I just came off of another carbon bike (new Orbea Opal, and have had several others), and I will never ride anything but a metal bike. My new Compact SL is by far the best bike I have ever put a leg over. Quick, stiff, compliant, stable, comfortable, it's weird how some of those terms can exist together. I'm tickled to death. Here is a quick and dirty pic, still waiting on a new seatpost, but you get the idea.


----------



## HazemBata

Beerman,

The thing I am most concerned with is vibration absorbtion. I know people say to let air out of the tires and other tricks, but I want that from the frame. Can you compare the vibration absorbtion of the Opal to the Moots? Thanks.

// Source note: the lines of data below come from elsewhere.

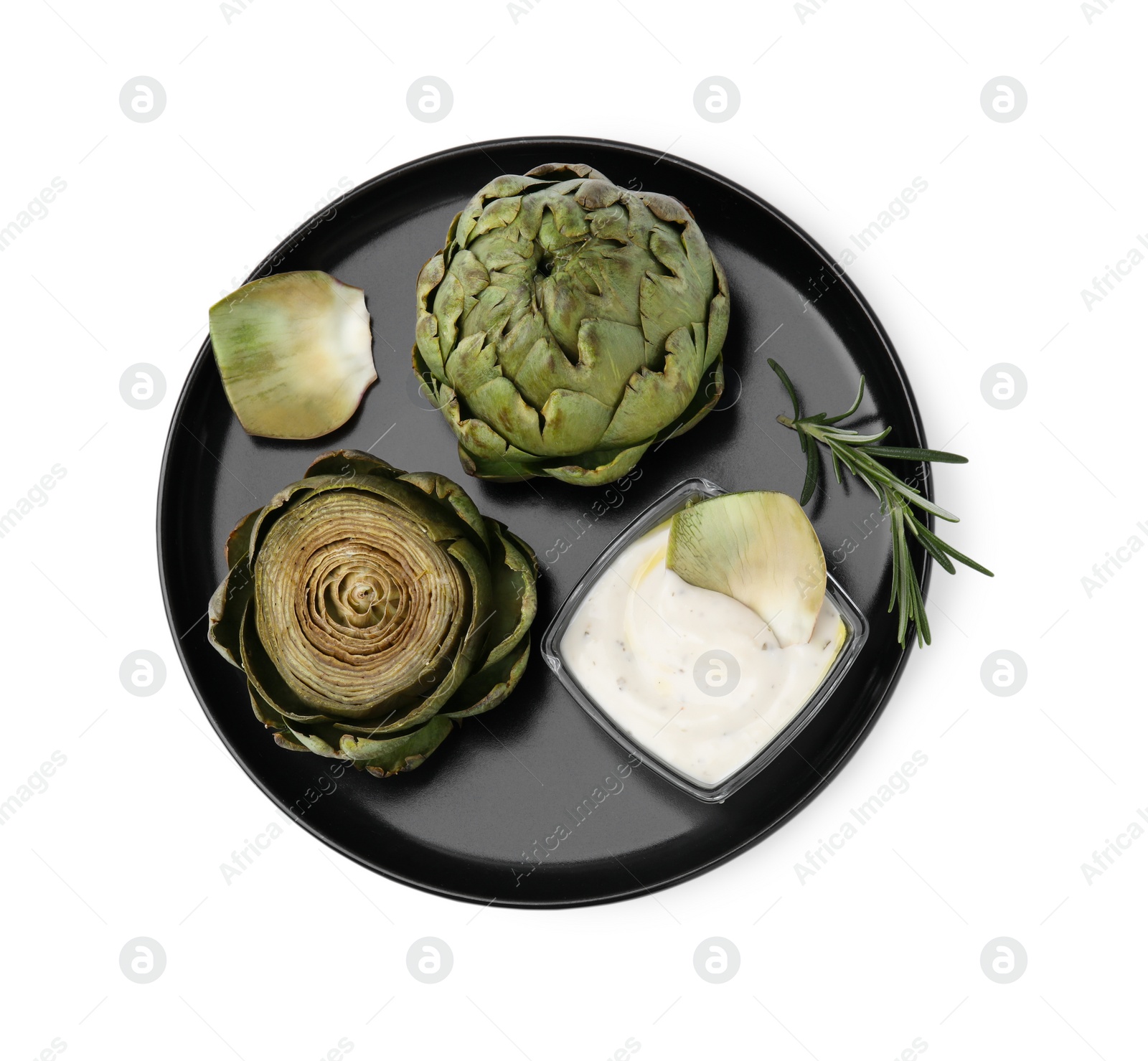 Photo of Delicious cooked artichokes with tasty sauce and rosemary isolated on white, top view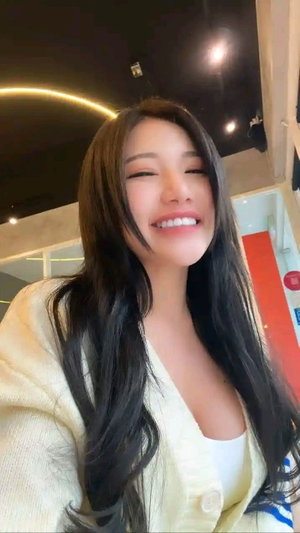 Asian woman with long dark hair in yellow cardigan taking selfie indoors.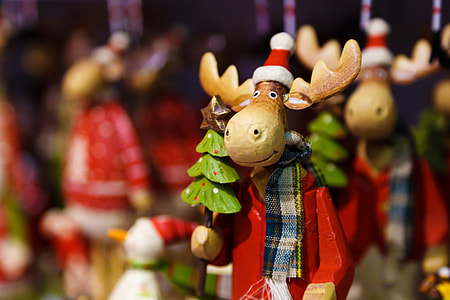 selective focus photography of wooden moose figurine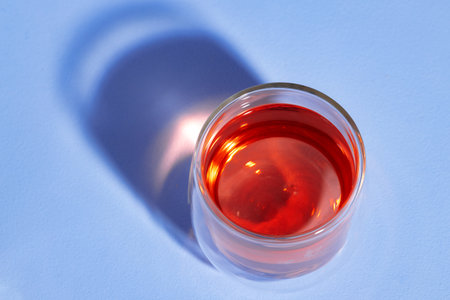 Glass cup of tea on blue background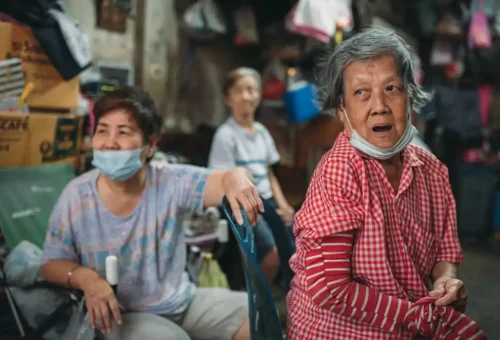 Elderly women sitting in a Bangkok shophouse community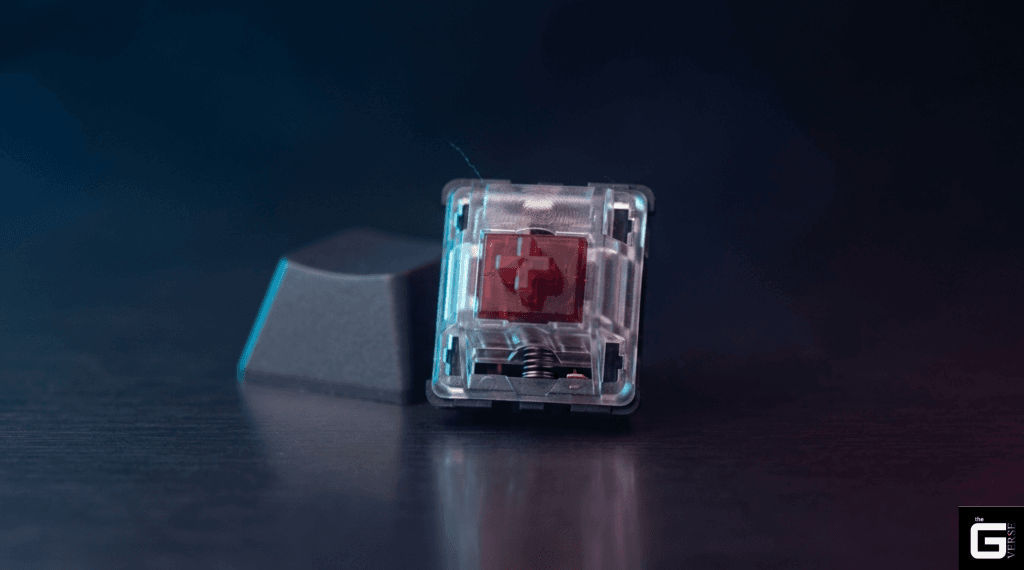 Clear keyboard switch housing with a red stem standing beside its keycap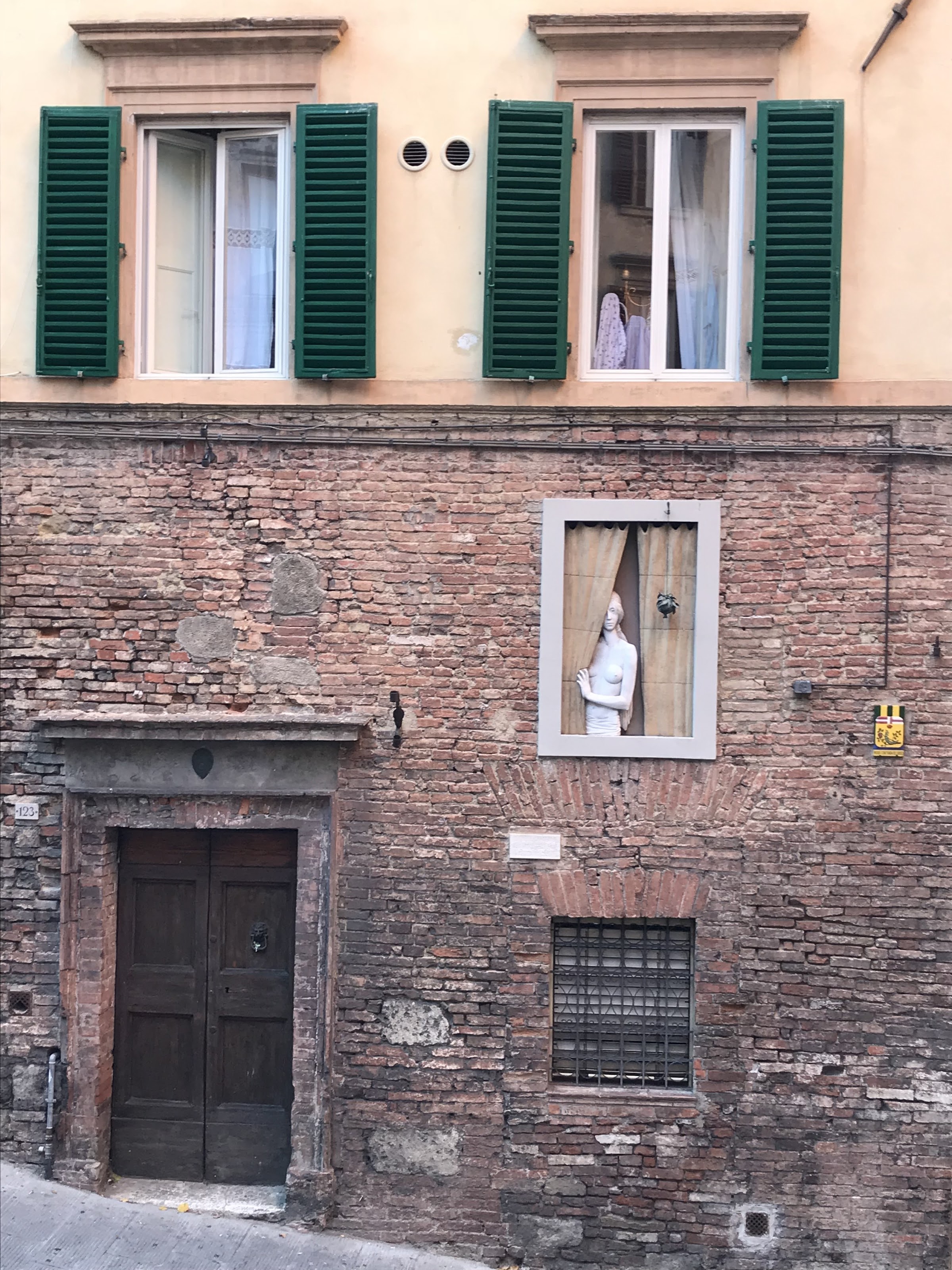 Sculpture of a Young Woman Peeking Out of Window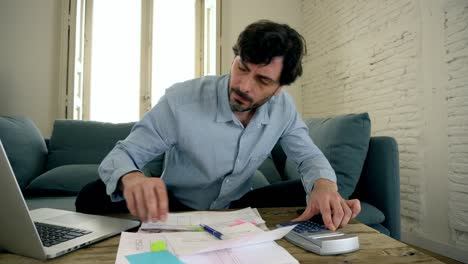 young angry and worried man working with laptop at home looking at bills and paying bills in home finance concept.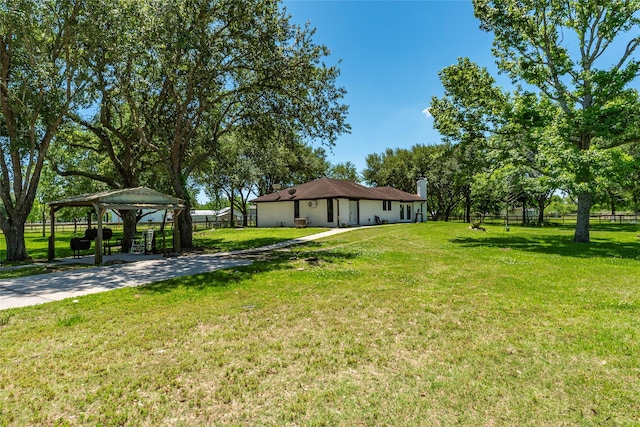 15329 Cedar St, Santa Fe, TX 77517 - view of yard featuring a gazebo, a detached carport, and concrete driveway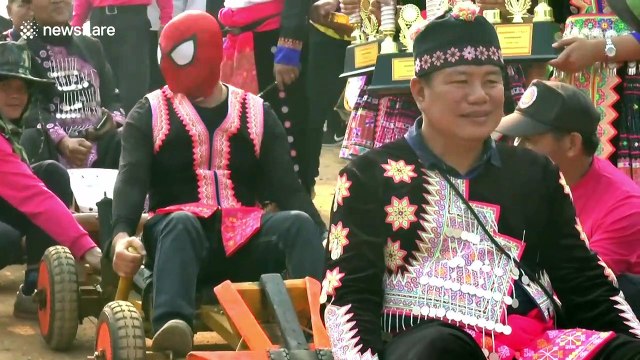 Mountain tribes race against each other in handmade wooden go-karts in Thailand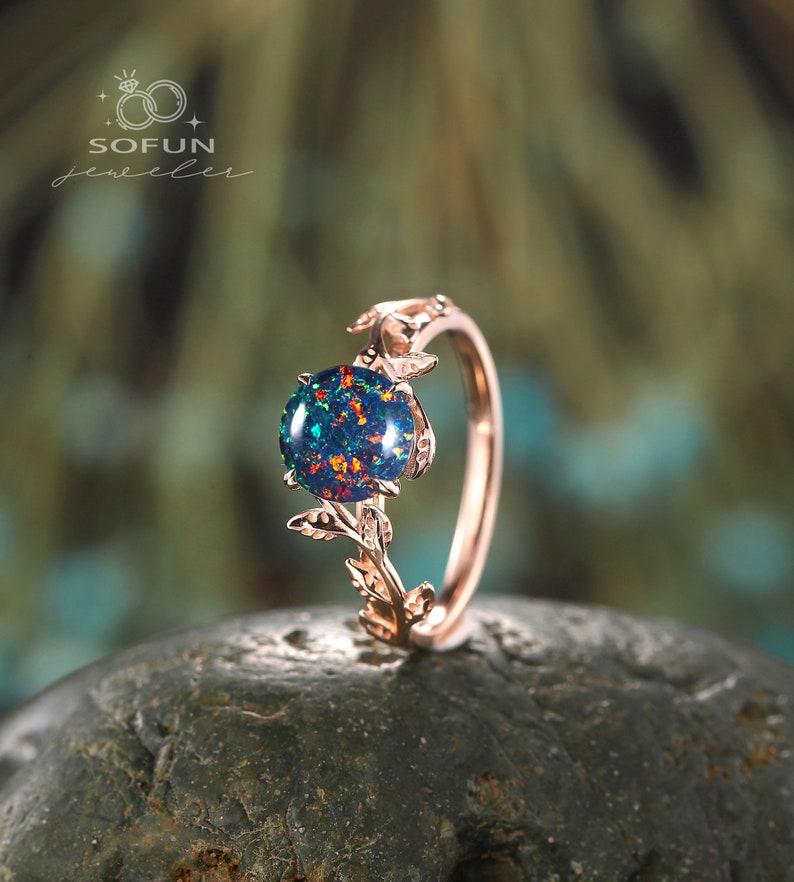 May include: A rose gold ring with a leafy design and a round, iridescent opal gemstone. The ring is set on a gray rock.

BTW, the welds on the Moots are second to none.


----------



## Beerman

That's actually one of the weird things I can't explain. Everyone talks about how CF is supposed to be second to none in regards to vibration absorbtion, but I think the Moots soaks it up better. I bought the Compact SL too which is supposed to be stiffer. It's really hard to explain, and I don't know if all Ti bikes ride as well as the Moots as I don't have any other Ti experience. Some people like CF and some like metal bikes. I have had several of each and was set on CF until I rode a quality Ti bike, my whole perspective has changed. I have ridden CF bikes from Trek, Scott, Time, Look, and Kestrel. My Opal is the best CF bike I have ever ridden next to the Look 585 and it is super nice, super quick, super efficient. But my Compact SL is all of that, has personality, and is even more comofrtable. Before you decide, spend 30 or 40 miles minimum on mixed surfaces, with tough climbs and fast decents on both a high end CF bike and a Moots.


----------



## alienator

HazemBata said:


> Beerman,
> 
> The thing I am most concerned with is vibration absorbtion. I know people say to let air out of the tires and other tricks, but I want that from the frame. Can you compare the vibration absorbtion of the Opal to the Moots? Thanks.
> 
> BTW, the welds on the Moots are second to none.


People invest too much in the "carbon fiber damps vibes" thing. Carbon fiber frames can be rigid ball-busters, limp noodles, or something in between. Same with other materials. Aluminum frames used to be known for being harsh as hell, but then makers learned more about how to work with Al in bike frames. Now, the Al is harsh bit isn't necessarily true.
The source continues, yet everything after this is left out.